As fragile as Fiat Chrysler Automobiles has appeared to be in recent years, on Friday the company laid out a determined and doable strategy for the post-Sergio Marchionne era — one that should position it to be a highly profitable, stand-alone automaker for the foreseeable future.
That's a far cry from where FCA stood in May 2014, when it last presented a five-year business plan. Then, analysts scoffed at financial projections for 2018 — projections the company is now on track to hit.
And it's a world away from where the company was in November 2009, shortly after Fiat assumed control of a bankrupt Chrysler and presented a plan that would resurrect a company left for dead.
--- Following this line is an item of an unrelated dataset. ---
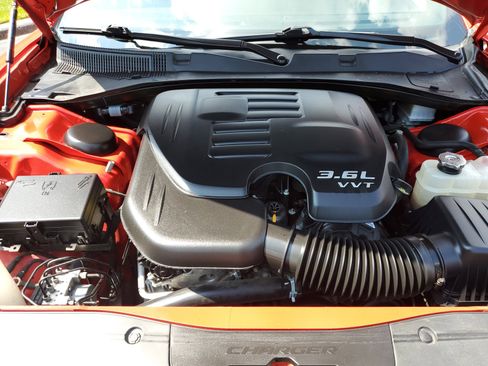 Used 2023 Dodge Charger SXT image 9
Analysts are no longer scoffing.
"What they presented today really does feel like it builds on what they've accomplished in the last five years," said Stephanie Brinley, principal automotive analyst with IHS Markit who attended the Friday, June 1, presentation in Balocco, Italy. "They are aggressive, but there's logic behind the targets. The difference between today and 2014 is that FCA is done now needing to set up for an IPO, and done with proving that they can do the things they need to do" to survive independently.
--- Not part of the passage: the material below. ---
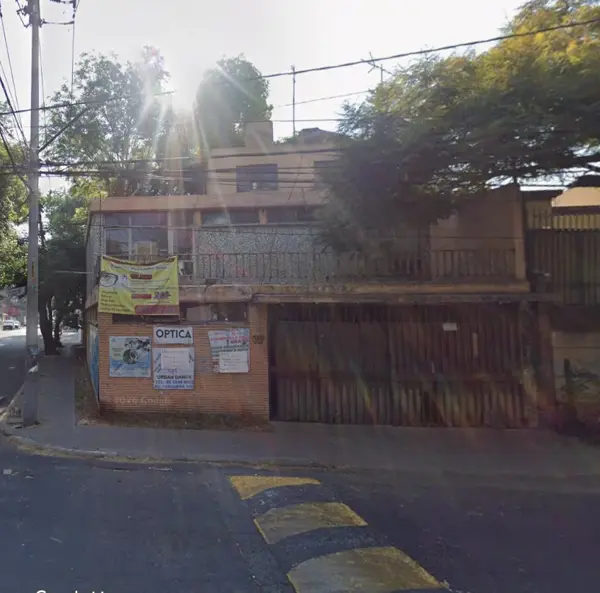 Casa Independiente en Venta en Campestre Churubusco, Coyoacán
Last week, FCA said it could achieve adjusted earnings before interest and taxes of between 9 and 11 percent by 2022, compared with 6.3 percent adjusted EBIT in 2017. And it said that it would end this month with more cash on hand than debt on its books for the first time since what ultimately became FCA was jammed together almost a decade ago.
Unlike previous five-year plan presentations, CEO Sergio Marchionne and top lieutenants provided few specifics on product timelines, powertrain offerings and volumes. And they had to address persistent criticisms of their previous plans for neglecting how the company would compete in fledgling technologies such as electrification and autonomous driving, and in other industry experiments such as subscription models.
CFO Richard Palmer — seen as a potential CEO when the 65-year-old Marchionne retires in early 2019 — painted a detailed picture of how FCA would remain profitable even if auto sales in North America or globally plunge 20 percent, marking a sharp departure from Chrysler's historical susceptibility to U.S. market downturns.